Syslog-ng through telegraf into Loki

I’m working on a very low end system, and I was looking for ways to remove influxdb from my log pipeline, as it can be a bit heavy, especially on memory use.

I discovered Loki - ‘like prometheus but for logs’. Telegraf has a Loki output plugin, so I went for that.

Basically it works, I’m getting logs in my grafana dashboard, but they’re pretty messed up.

I get a ‘labels’ value, for example { “__name”: “syslog”, “appname”: “grafana-server”, “facility”: “daemon”, “host”: “iota”, “hostname”: “iota”, “severity”: “info”, “source”: “127.0.0.1” }.

I also get a ‘Line’ value:
facility_code=“3” severity_code=“6” timestamp=“1687865491000000000” procid=“186713” message=“logger=context userId=1 orgId=1 uname=admin t=2023-06-27T14:31:31.799826078+03:00 level=error msg=“Request error” error=“net/http: abort Handler”” version=“1”

Now the very short documentation for this Loki output plugin recommends to use ‘| logfmt’ on the lokiql query.
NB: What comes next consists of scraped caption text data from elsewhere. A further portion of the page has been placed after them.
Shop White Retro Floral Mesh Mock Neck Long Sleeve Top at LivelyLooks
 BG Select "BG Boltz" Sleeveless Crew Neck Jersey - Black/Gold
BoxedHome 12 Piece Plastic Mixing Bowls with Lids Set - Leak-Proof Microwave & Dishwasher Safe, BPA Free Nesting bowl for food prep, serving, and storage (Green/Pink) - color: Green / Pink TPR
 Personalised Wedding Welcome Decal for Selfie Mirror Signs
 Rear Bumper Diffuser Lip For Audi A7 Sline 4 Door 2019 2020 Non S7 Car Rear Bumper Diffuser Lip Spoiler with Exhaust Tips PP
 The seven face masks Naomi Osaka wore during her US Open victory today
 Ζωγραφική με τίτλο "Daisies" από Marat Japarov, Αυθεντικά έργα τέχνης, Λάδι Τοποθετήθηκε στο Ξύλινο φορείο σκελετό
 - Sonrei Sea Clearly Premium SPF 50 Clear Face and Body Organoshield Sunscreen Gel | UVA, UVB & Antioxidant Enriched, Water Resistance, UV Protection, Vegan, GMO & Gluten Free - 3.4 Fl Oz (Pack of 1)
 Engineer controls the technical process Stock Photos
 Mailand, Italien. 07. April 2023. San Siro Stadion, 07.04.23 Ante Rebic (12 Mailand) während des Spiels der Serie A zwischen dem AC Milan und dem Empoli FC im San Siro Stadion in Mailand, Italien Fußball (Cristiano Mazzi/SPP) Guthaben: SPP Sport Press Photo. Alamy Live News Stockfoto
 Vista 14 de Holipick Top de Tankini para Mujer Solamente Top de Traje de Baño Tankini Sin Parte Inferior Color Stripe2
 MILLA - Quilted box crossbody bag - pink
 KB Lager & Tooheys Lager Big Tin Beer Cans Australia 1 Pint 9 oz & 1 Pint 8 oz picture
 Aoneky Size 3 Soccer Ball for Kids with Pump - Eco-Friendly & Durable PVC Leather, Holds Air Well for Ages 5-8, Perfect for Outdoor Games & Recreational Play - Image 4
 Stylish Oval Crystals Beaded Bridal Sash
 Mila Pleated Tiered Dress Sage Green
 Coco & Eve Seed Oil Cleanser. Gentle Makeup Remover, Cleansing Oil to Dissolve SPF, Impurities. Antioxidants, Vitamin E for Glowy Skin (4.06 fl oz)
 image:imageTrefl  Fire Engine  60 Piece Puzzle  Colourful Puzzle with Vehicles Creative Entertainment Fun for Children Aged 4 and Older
This doesn’t work for most of these logs:
{ “Request”: “”, “error”: “LogfmtParserErr”, “error_details”: “logfmt syntax error at pos 206 : unexpected ‘"’”, “__name”: “syslog”, “appname”: “grafana-server”, “facility”: “daemon”, “facility_code”: “3”, “host”: “iota”, “hostname”: “iota”, “message”: “logger=context userId=1 orgId=1 uname=admin t=2023-06-27T14:31:31.799826078+03:00 level=error msg=”, “procid”: “186713”, “severity”: “info”, “severity_code”: “6”, “source”: “127.0.0.1”, “timestamp”: “1687865491000000000” }

The message value has a msg=“” in it and it seems to break it.

Alternatively, I could use a pattern operator to grab the message, however, the values in the Line column are all randomly ordered, sometimes it begins with a procid, other times timestamp etc.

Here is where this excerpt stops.